Some of the code here will be included in upstream Pytorch eventually.
The intent of Apex is to make up-to-date utilities available to users as quickly as possible.
## Full API Documentation: [https://nvidia.github.io/apex](https://nvidia.github.io/apex)
## [GTC 2019](https://github.com/mcarilli/mixed_precision_references/tree/master/GTC_2019) and [Pytorch DevCon 2019](https://github.com/mcarilli/mixed_precision_references/tree/master/Pytorch_Devcon_2019) Slides
# Contents
## 1. Amp: Automatic Mixed Precision
`apex.amp` is a tool to enable mixed precision training by changing only 3 lines of your script.
Users can easily experiment with different pure and mixed precision training modes by supplying
different flags to `amp.initialize`.
[Webinar introducing Amp](https://info.nvidia.com/webinar-mixed-precision-with-pytorch-reg-page.html)
(The flag `cast_batchnorm` has been renamed to `keep_batchnorm_fp32`).
[API Documentation](https://nvidia.github.io/apex/amp.html)
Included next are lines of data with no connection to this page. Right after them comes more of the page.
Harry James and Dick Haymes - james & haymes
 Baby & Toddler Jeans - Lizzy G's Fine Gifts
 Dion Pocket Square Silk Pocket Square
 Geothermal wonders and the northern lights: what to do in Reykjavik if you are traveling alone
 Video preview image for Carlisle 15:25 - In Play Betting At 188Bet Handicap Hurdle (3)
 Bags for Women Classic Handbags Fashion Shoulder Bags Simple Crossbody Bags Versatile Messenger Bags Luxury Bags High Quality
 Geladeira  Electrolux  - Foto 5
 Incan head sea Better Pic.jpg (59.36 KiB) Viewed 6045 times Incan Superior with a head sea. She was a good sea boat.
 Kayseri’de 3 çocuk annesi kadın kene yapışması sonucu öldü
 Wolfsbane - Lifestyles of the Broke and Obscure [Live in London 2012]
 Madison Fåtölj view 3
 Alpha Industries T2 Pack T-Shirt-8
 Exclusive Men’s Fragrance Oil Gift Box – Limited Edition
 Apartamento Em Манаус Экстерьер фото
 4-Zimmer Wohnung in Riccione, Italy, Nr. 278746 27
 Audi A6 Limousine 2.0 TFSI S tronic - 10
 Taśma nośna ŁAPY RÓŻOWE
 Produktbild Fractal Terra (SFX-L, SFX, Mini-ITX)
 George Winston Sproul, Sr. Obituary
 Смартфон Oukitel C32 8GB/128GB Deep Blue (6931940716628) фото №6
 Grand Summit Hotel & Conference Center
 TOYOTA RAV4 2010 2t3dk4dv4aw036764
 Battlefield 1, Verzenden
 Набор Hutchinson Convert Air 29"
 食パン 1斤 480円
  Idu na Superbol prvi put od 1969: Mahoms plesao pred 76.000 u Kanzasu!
[Comprehensive Imagenet example](https://github.com/NVIDIA/apex/tree/master/examples/imagenet)
[DCGAN example coming soon...](https://github.com/NVIDIA/apex/tree/master/examples/dcgan)
[Moving to the new Amp API](https://nvidia.github.io/apex/amp.html#transition-guide-for-old-api-users) (for users of the deprecated "Amp" and "FP16_Optimizer" APIs)
## 2. Distributed Training
`apex.parallel.DistributedDataParallel` is a module wrapper, similar to
`torch.nn.parallel.DistributedDataParallel`. It enables convenient multiprocess distributed training,
optimized for NVIDIA's NCCL communication library.
[API Documentation](https://nvidia.github.io/apex/parallel.html)
[Python Source](https://github.com/NVIDIA/apex/tree/master/apex/parallel)
[Example/Walkthrough](https://github.com/NVIDIA/apex/tree/master/examples/simple/distributed)
The [Imagenet example](https://github.com/NVIDIA/apex/tree/master/examples/imagenet)
shows use of `apex.parallel.DistributedDataParallel` along with `apex.amp`.
### Synchronized Batch Normalization
`apex.parallel.SyncBatchNorm` extends `torch.nn.modules.batchnorm._BatchNorm` to
support synchronized BN.
It allreduces stats across processes during multiprocess (DistributedDataParallel) training.
Synchronous BN has been used in cases where only a small
local minibatch can fit on each GPU.
Allreduced stats increase the effective batch size for the BN layer to the
global batch size across all processes (which, technically, is the correct
formulation).
Synchronous BN has been observed to improve converged accuracy in some of our research models.
### Checkpointing
To properly save and load your `amp` training, we introduce the `amp.state_dict()`, which contains all `loss_scalers` and their corresponding unskipped steps,
as well as `amp.load_state_dict()` to restore these attributes.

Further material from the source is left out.